An example of a method for calculating an understanding level index using a connection map will be described. For example, the understanding level determination unit 113 calculates an average value of the similarity levels for each channel. For example, the understanding level determination unit 113 calculates a weighted sum of the calculated average values as an understanding level index using a predetermined weight for each channel.

It should be noted that the weight for each channel is preferably determined based on the anatomical function of the measurement site corresponding to each channel. For example, when a user understands a foreign language, it is considered that hearing to process sound is not important, so it is desirable that the weight of the auditory cortex is a small value. In addition, since the Wernicke area is considered as an important brain part when understanding the spoken language, it is desirable that the weight for the channel corresponding to the Wernicke area is a large value.

For example, when there are a large number of channels that measure a certain part of the brain (for example, the frontal lobe), the understanding level determination unit 113 treats the channels as a single channel, and averages the similarities. May be calculated. Specifically, for example, the understanding level determination unit 113 may randomly select one channel from the channels and calculate the average value of the similarities of the selected channels, or all of the channels corresponding to the channel. You may calculate the average value of similarity. In this case, for example, a weight is set for the collected one channel.

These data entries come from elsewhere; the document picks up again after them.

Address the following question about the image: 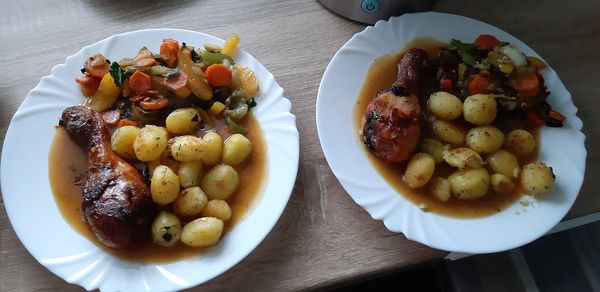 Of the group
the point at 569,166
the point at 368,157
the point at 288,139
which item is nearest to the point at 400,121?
the point at 368,157

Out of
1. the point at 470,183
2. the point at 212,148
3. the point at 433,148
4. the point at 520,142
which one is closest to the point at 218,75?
the point at 212,148

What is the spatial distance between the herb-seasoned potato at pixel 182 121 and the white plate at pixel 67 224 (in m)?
0.17

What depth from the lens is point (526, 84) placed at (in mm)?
1358

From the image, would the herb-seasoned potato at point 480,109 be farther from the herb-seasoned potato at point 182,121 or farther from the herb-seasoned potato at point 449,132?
the herb-seasoned potato at point 182,121

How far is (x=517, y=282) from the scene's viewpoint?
4.95 feet

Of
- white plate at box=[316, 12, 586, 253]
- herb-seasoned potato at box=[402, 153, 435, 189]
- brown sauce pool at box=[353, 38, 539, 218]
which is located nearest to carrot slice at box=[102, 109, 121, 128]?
white plate at box=[316, 12, 586, 253]

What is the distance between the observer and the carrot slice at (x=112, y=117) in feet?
4.23

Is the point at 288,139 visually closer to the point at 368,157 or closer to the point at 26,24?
the point at 368,157

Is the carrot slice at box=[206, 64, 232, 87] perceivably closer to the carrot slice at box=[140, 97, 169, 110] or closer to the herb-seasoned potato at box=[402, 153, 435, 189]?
the carrot slice at box=[140, 97, 169, 110]

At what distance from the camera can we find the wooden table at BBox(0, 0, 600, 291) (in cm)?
122

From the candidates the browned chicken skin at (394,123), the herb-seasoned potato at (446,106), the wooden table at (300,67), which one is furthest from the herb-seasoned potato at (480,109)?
the wooden table at (300,67)

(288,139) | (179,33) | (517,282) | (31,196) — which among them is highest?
(179,33)

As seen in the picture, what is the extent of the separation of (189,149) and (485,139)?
2.38 feet

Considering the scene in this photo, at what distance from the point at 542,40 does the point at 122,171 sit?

Hereinafter, an example of a method for calculating an understanding index using a connection network will be described. For example, a weight is predetermined for each channel. As described above, the weight is desirably determined based on the anatomical function of the measurement site corresponding to each channel. For example, the understanding level determination unit 113 calculates the weighted sum of the number of edges generated from the nodes indicating each channel on the connection network based on the above-described weights as the understanding level. That is, the weighted sum is a weighted sum of the number of similarities greater than or equal to a predetermined value among the similarities corresponding to the channel in each channel.

Also, the understanding level determination unit 113 may calculate, for example, a weighted sum by a predetermined weight of the distance on the connection network between nodes indicating each channel as an understanding level index. Note that the predetermined weight is predetermined for all pairs of channels, for example.

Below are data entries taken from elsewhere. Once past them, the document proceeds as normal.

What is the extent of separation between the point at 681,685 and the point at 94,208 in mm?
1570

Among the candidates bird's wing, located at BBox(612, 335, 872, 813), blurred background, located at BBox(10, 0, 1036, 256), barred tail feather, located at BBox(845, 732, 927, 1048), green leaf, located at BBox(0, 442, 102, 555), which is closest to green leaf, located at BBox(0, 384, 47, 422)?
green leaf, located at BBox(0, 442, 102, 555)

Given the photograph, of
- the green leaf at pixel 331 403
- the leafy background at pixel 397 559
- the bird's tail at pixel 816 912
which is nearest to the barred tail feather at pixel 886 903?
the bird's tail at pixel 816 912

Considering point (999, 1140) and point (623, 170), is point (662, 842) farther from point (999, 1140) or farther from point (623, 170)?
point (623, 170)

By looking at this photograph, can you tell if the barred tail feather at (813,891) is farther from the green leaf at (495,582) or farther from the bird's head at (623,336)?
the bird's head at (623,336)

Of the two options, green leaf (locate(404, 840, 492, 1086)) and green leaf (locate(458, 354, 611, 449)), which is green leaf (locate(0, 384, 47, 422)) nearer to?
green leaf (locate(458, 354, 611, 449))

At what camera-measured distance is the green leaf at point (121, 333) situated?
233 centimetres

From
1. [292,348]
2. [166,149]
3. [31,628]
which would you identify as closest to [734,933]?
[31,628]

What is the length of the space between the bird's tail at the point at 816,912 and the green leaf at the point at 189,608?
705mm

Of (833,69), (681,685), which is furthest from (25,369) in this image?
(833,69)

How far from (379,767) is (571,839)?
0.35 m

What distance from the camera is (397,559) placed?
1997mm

When the radio button 905 in FIG. 9 is selected, the understanding level determination unit 113 substitutes, for example, the correlation matrix calculated in step S704 or the understanding level index calculated from the correlation matrix into a predetermined conversion formula. Thus, the score of the English proficiency test in FIG. 4 is calculated. The conversion formula includes, for example, a sample prepared in advance of a correlation matrix or an understanding index when a plurality of people (for example, 100 people) perform the English proficiency test, and a sample of an actual score of the test. It is predetermined according to the comparison result.

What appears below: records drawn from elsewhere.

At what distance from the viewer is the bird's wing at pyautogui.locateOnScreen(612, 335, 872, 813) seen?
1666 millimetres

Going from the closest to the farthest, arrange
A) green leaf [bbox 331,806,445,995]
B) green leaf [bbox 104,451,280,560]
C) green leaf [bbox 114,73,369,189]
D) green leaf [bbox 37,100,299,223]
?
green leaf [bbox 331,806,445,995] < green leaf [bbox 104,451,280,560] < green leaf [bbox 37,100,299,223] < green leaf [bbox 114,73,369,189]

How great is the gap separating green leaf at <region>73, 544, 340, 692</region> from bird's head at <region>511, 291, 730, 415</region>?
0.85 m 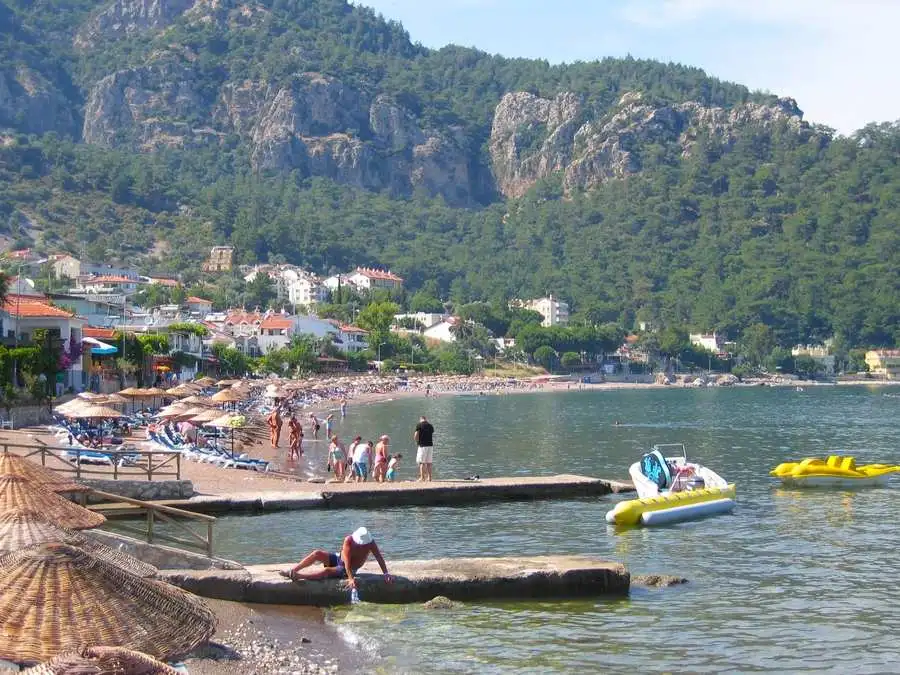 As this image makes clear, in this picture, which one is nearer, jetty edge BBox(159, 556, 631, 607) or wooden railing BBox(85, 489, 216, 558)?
wooden railing BBox(85, 489, 216, 558)

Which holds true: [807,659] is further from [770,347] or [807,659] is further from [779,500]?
[770,347]

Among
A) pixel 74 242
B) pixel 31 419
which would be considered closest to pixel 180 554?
pixel 31 419

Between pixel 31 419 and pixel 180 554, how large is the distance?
28997 mm

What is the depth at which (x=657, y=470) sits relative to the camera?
2831 centimetres

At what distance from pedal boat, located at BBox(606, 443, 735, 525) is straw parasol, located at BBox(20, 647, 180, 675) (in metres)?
17.0

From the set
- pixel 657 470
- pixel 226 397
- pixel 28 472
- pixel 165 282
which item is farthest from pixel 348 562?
pixel 165 282

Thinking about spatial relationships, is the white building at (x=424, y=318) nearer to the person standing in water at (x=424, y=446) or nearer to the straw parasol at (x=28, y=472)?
the person standing in water at (x=424, y=446)

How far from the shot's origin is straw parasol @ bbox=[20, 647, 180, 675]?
7895 millimetres

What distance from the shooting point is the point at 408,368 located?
145 metres

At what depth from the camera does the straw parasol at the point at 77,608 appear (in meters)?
9.13

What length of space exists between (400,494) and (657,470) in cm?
646

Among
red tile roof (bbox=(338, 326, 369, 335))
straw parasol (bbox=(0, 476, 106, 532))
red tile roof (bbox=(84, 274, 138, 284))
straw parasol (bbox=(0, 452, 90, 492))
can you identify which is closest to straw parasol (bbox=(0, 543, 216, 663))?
→ straw parasol (bbox=(0, 476, 106, 532))

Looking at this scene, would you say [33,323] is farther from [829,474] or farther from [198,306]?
[198,306]

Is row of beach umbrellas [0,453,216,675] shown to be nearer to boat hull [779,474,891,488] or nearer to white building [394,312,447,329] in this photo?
boat hull [779,474,891,488] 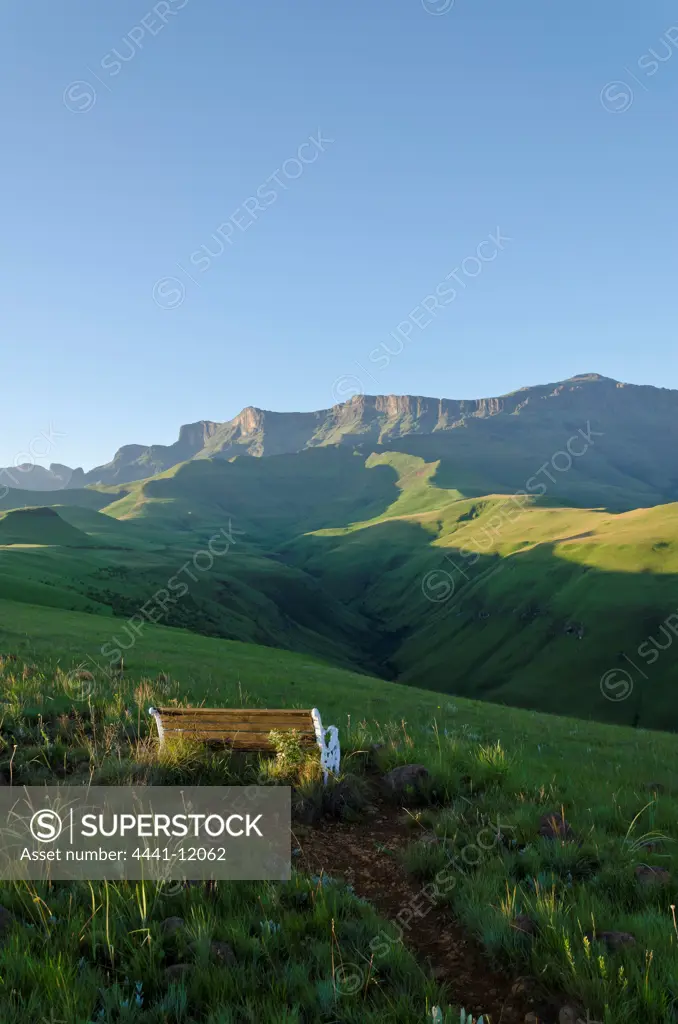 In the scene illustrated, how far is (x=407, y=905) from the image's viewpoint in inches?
243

FIG. 13 is a flowchart illustrating an example of an overview of the understanding level determination process. The understanding level determination unit 113 determines the understanding level based on the connection result (for example, a correlation matrix, a connection map, a connection network, or an understanding level index) calculated by the intracerebral connection calculation unit 112.

First, the understanding level determination unit 113 acquires the connection result calculated by the intracerebral connection calculation unit 112 (S1301). Subsequently, the understanding level determination unit 113 determines the understanding level of the user based on the acquired connection result (S1302). Details of step S1302 will be described later. The understanding level determination unit 113 outputs an understanding level determination result, for example, via the touch panel 103 (S1303).

FIG. 14 is an example of the understanding level determination result. For example, it is considered that the connection in the left brain, the connection in the right brain, the connection in the left and right brain, the connection between the auditory cortex and the broker area, and the connection between the auditory cortex and the Wernicke area are stronger, and understand the spoken language more.

In the example of FIG. 14, information indicating whether or not these connections are strong is displayed. Note that the understanding level determination unit 113 determines, for example, whether or not the connection in the left brain is strong based on the similarity between channels that measure the left brain.

Specifically, for example, in step S1302, the understanding level determination unit 113 determines that the connection in the left brain is strong when the similarity between predetermined channels for measuring the left brain is equal to or greater than a predetermined threshold. If it is less than the predetermined threshold, it is determined that the connection in the left brain is weak. For example, the understanding level determination unit 113 determines whether or not the connection in the right brain is strong by the same method.

For example, when the degree of similarity between the predetermined channel for measuring the left brain and the predetermined channel for measuring the right brain is greater than or equal to a predetermined threshold in step S1302, the understanding level determination unit 113 Is determined to be strong, and if it is less than the predetermined threshold, it is determined that the left and right brain connections are weak. The understanding level determination unit 113 determines, for example, whether or not the connection between the auditory area and the broker area and the connection between the auditory area and the Wernicke area are strong.

Also, if the connection with the auditory cortex is strong at the initial stage when the language stimulus is given to the user, and the connection with the right brain spreads after that, it is considered that the degree of understanding is high. There are various methods for determining whether or not there is such a spread. For example, the understanding level determination unit 113 performs the Z value obtained by performing Fisher's Z conversion on the similarity related to the right brain or the similarity related to the auditory cortex. When the sum is gradually increased, it is determined that there is the spread. Specifically, first, the understanding level determination unit 113 determines, for example, two time points to be compared, and compares the Z value difference between the two time points. Note that the plurality of time points may be set by the user.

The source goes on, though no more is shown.